▶ _Problem statement_:
Repeat the listing below verbatim, without its images.

▶ _Dataset section_:
===
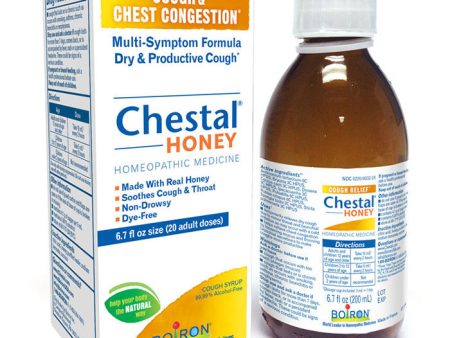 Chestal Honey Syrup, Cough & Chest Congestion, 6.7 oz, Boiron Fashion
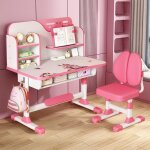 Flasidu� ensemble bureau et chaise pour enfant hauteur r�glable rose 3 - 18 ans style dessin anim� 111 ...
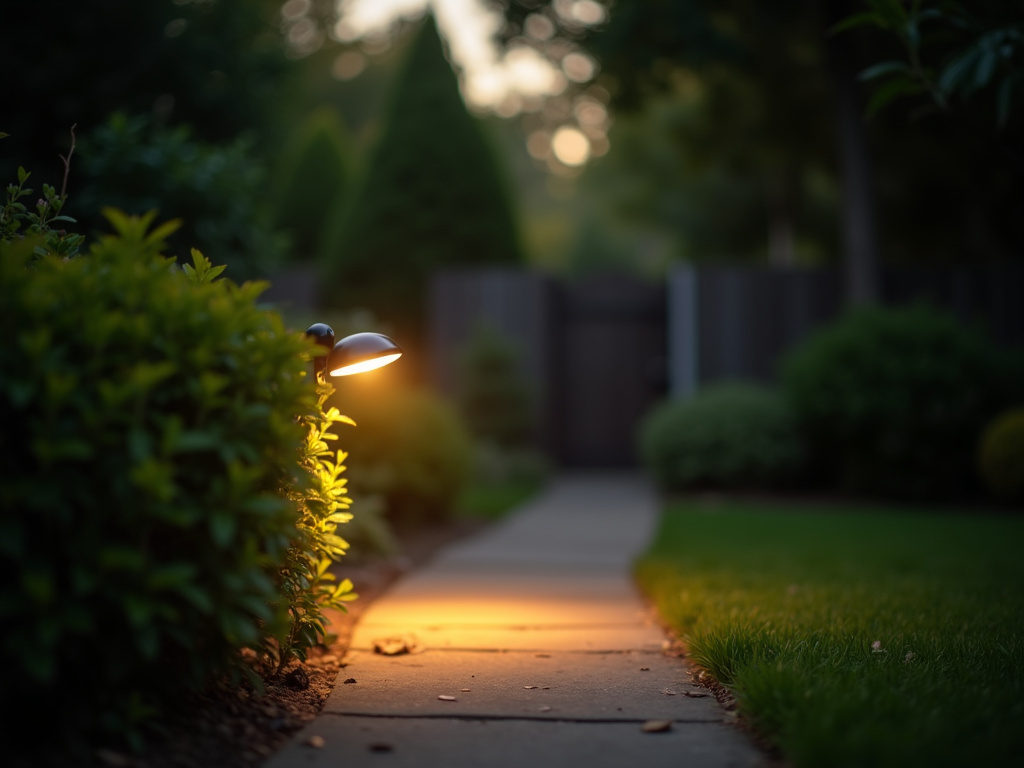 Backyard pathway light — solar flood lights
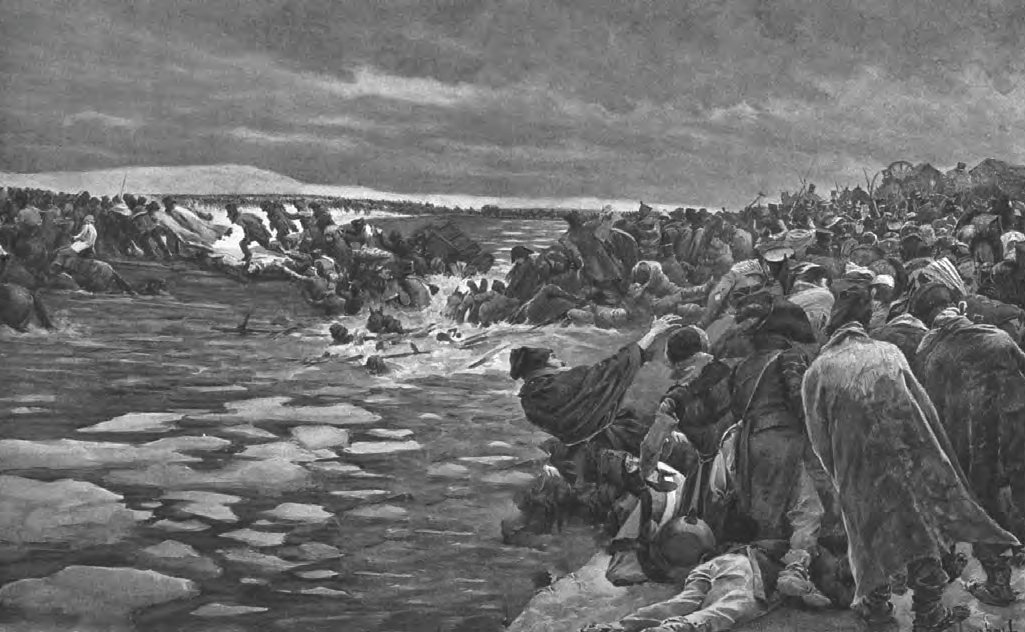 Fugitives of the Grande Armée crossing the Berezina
===
▶ _Expected answer_:
 Chestal Honey Syrup, Cough & Chest Congestion, 6.7 oz, Boiron Fashion
 Flasidu� ensemble bureau et chaise pour enfant hauteur r�glable rose 3 - 18 ans style dessin anim� 111 ...
 Backyard pathway light — solar flood lights
 Fugitives of the Grande Armée crossing the Berezina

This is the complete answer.